Cabozantinib Improves Survival in Patients With Previously Treated RCC

Article

Compared to everolimus, the oral tyrosine kinase inhibitor cabozantinib improves objective tumor response, delays disease progression, and prolongs overall survival time among patients with RCC.

Compared to everolimus (Afinitor), the oral tyrosine kinase inhibitor cabozantinib (Cabometyx) improves objective tumor response, delays disease progression, and prolongs overall survival (OS) time among patients with advanced clear cell renal cell carcinoma (RCC), according to final results from the randomized phase III METEOR trial (NCT01865747).
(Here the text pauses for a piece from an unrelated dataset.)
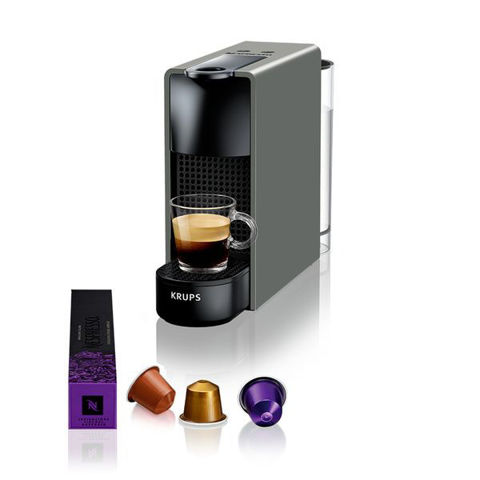 Εικόνα της KRUPS Original Essenza Mini Gray XN110BV Μηχανή Espresso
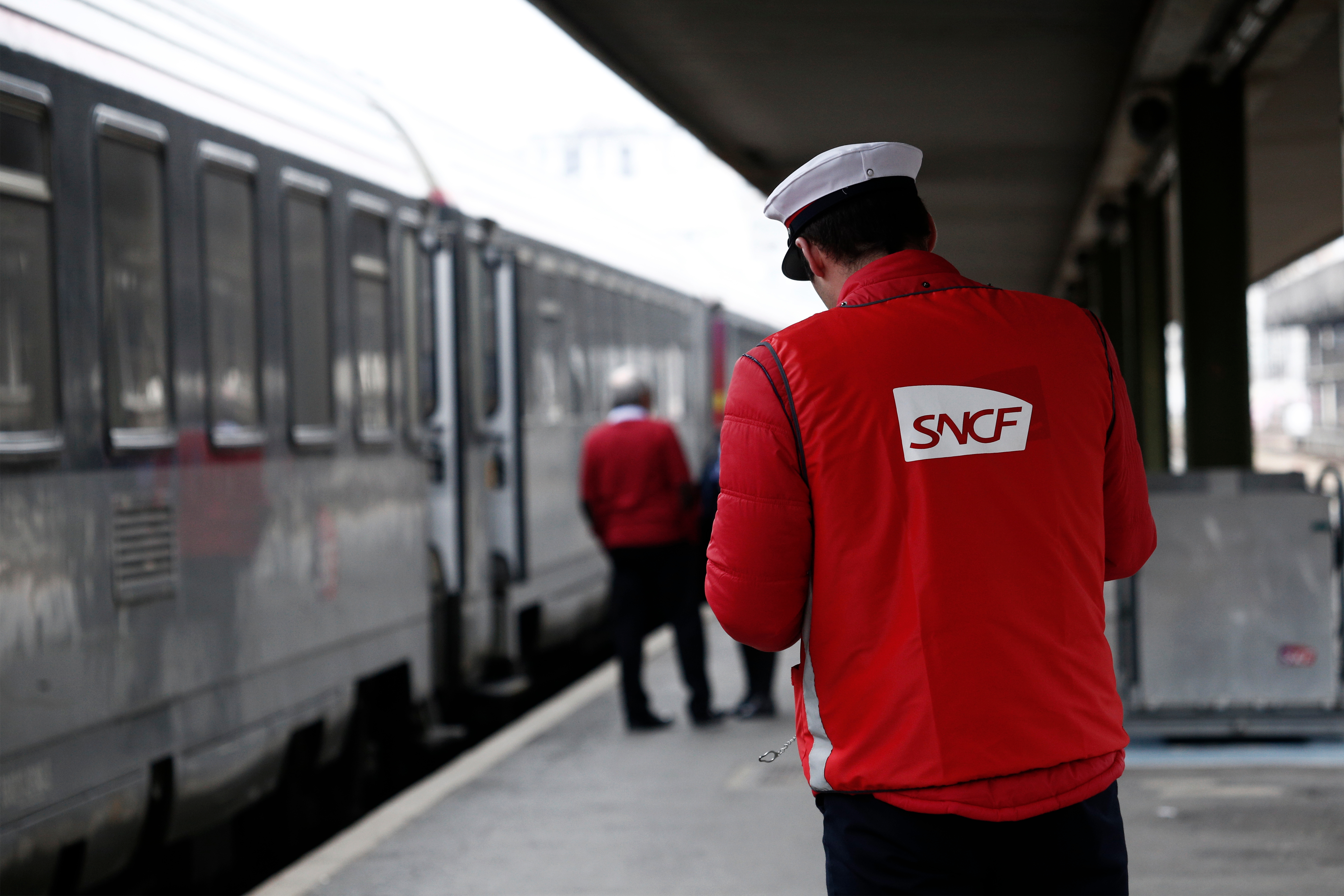 Maszynista strajkował. Pasażer sam odjechał pociągiem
The findings were published in The Lancet Oncology.

“The observed clinical activity of cabozantinib was applicable to patients in all risk categories and irrespective of previous treatments and the extent of tumor burden,” the coauthors noted. “Based on these results, cabozantinib should be considered a new treatment option for previously treated patients with advanced renal cell carcinoma.”
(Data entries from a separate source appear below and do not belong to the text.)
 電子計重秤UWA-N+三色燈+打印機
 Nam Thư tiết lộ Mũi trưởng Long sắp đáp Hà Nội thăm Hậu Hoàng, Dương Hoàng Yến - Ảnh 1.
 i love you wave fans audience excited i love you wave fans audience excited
The mTOR inhibitor everolimus is a current second-line standard of care for advanced RCC. Cabozantinib targets MET, VEGFR, and AXL. The METEOR trial was undertaken to compare the efficacy and safety of cabozantinib versus everolimus. The new report presents final OS outcomes.
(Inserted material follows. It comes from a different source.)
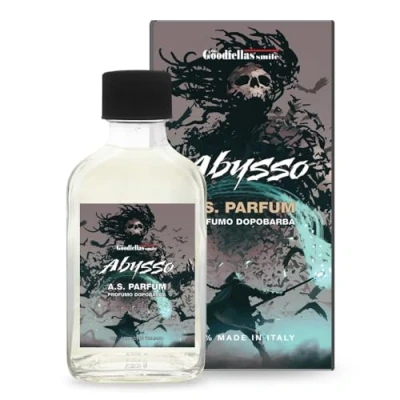 Afbeelding van THE GOODFELLAS&#039; SMILE Aftershave Abysso. Made in Italy, 100g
During 2013 and 2014, the research team enrolled 658 adult patients with advanced or metastatic clear cell RCC who had previously undergone TKI therapy targeting the vascular endothelial growth factor receptor (VEGFR), and randomly assigned them to receive cabozantinib (60 mg once daily; n=330) or everolimus (10 mg once daily; n=328).

At a median follow-up of 18.7 months, cabozantinib was associated with superior OS (21.4 months vs 16.5 months; hazard ratio [HR], 0.66; 95% CI, 0.53-0.83; P = .00026).

Progression-free survival (PFS) was also better among patients in the cabozantinib study group (HR, 0.51; 95% CI, 0.41-0.62; P < .0001). Objective response was 17% in the cabozantinib group vs 3% in the everolimus group (P < .0001).

Serious adverse events (grade 3+) occurred in 39% of patients taking cabozantinib and 40% of patients taking everolimus. Common grade 3/4 adverse events included hypertension (15% in the cabozantinib group vs 4% in the everolimus group); diarrhea (13% vs 2%); fatigue (11% vs 7%), and palmar-plantar erythrodysesthesia syndrome (8% vs 1%); anemia (6% vs 17%). There were three treatment-related deaths in the study: one in the cabozantinib group (not otherwise specified) and two in the everolimus group (one aspergillus infection death and one pneumonia-aspiration death).

“Patients should be monitored for adverse events that might require dose modifications” with cabozantinib, the authors cautioned.